Maybe for some people, that actually works.  For myself, I think being in tune with that rhythm means to cut out a lot of extraneous noise from my life so I can actually hear that rhythm, see that sparkle.  Of course, everyone always says this.  And it’s hard.

For me, disconnecting with the world means disconnecting from the news, and Facebook, and stupid binge-a-thons on Netflix, and my Sudoku habit.  It means reading more–whether it’s new journals that have arrived in my mailbox, or reading the other authors’ works (fiction and nonfiction too, not just the poetry) in the journals that my own work appears in.  It means allowing myself the pleasure of reading a Phryne Fisher mystery (thank you, Kerry Greenwood, for giving us Phryne) so I can indulge in language used well, and fall in love with a place and characters who are real.

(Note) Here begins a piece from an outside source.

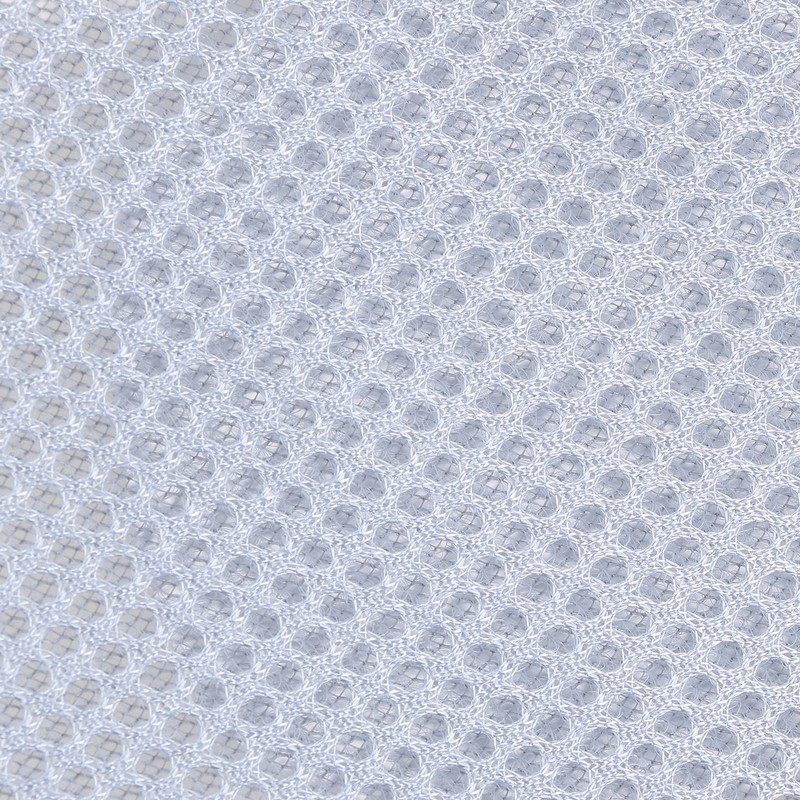 Left Hip Cushion Memory Foam Support Thicken Prostate Pillow Tailbone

I know this is not new.  For heaven’s sakes, Wordsworth was saying the world was too much with us back in 1802.  But the world is hella more complicated in 2015, which makes it all the more essential to get away from it if we want to be true to our art.  (Or at least, if we want to recharge our flagging art.)

I’ve been thinking for a quite a while that I’ve needed to go to a writer’s residency somewhere.  I had actually even applied to one for the summer–and mistakenly believed I’d get in–and of course, everyone knows, throwing all your eggs into one basket is the surest way to making scrambled eggs.  But even if that didn’t work out, there are other residencies, other writers conferences that can help me to reconnect with writing.

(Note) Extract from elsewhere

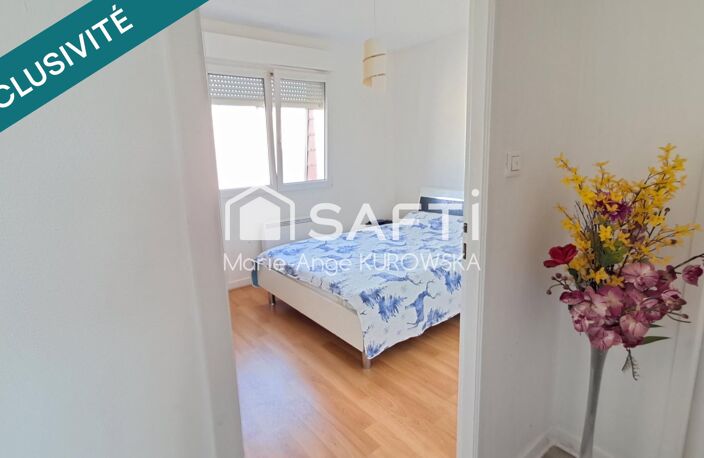 Appartement, à Hagondange proche de la gare, — photo 5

I think a residency is one way to actively court inspiration.  Meeting with new writers, inhabiting a new space for a while, getting out of the routine of our daily existence–this is all about finding that new rhythm.  Certainly not everyone can afford the luxury of a writer’s residency (I mean, I can’t really either, but whatever)–but those rhythms are all around us.  We can hear them when we disconnect. We can hear them when we start reading one of our books from our never-ending “books to read” pile.  We can hear them when we sit on top of Stone Mountain, or if we’re taking a walk on a wooded path.  We can hear those rhythms everywhere if we give ourselves a chance.

Inspiration wants us to find it.  It does expect us to work a little, of course, to get outside ourselves a little, so we can see it, and benefit from what it has to show us.  Inspiration wants to include us.  It wants us to get into its rhythm.  We don’t have to be “ideas” people to get access–we just have to be a little more open-eared and flexible.

And maybe that seems harder than it really is because we’re too tied to our devices and routines.  But I for one am going to try to slip into that rhythm, because it’s calling me.